GOAL OF THE EXERCISE: When you write out the listing, keep each word exactly as it stands but include none of its images.

PROVIDED MATERIAL:
* * * * * * * * *
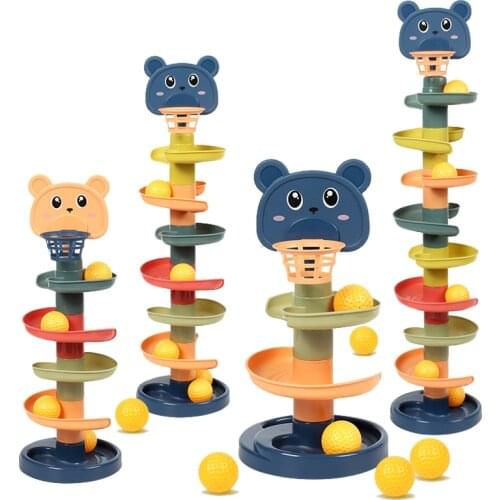 Infant Track Rolling Ball Set Educational Toy Jenga Tower Rolling Ball Game Fine Motor Training Toys For Kids 2 To 4 Years Old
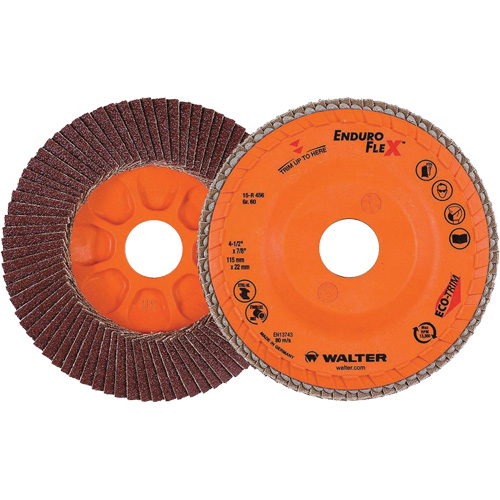 Enduro-Flex Flap Disc, 4-1/2" x 7/8", Type 27, 60 Grit, Zirconia Alumina Fastek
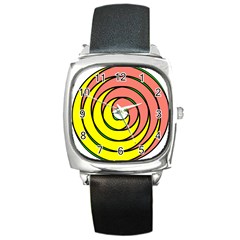 Double Spiral Thick Lines Circle Square Metal Watch by Mariart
* * * * * * * * *
EXPECTED ANSWER:
 Infant Track Rolling Ball Set Educational Toy Jenga Tower Rolling Ball Game Fine Motor Training Toys For Kids 2 To 4 Years Old
 Enduro-Flex Flap Disc, 4-1/2" x 7/8", Type 27, 60 Grit, Zirconia Alumina Fastek
 Double Spiral Thick Lines Circle Square Metal Watch by Mariart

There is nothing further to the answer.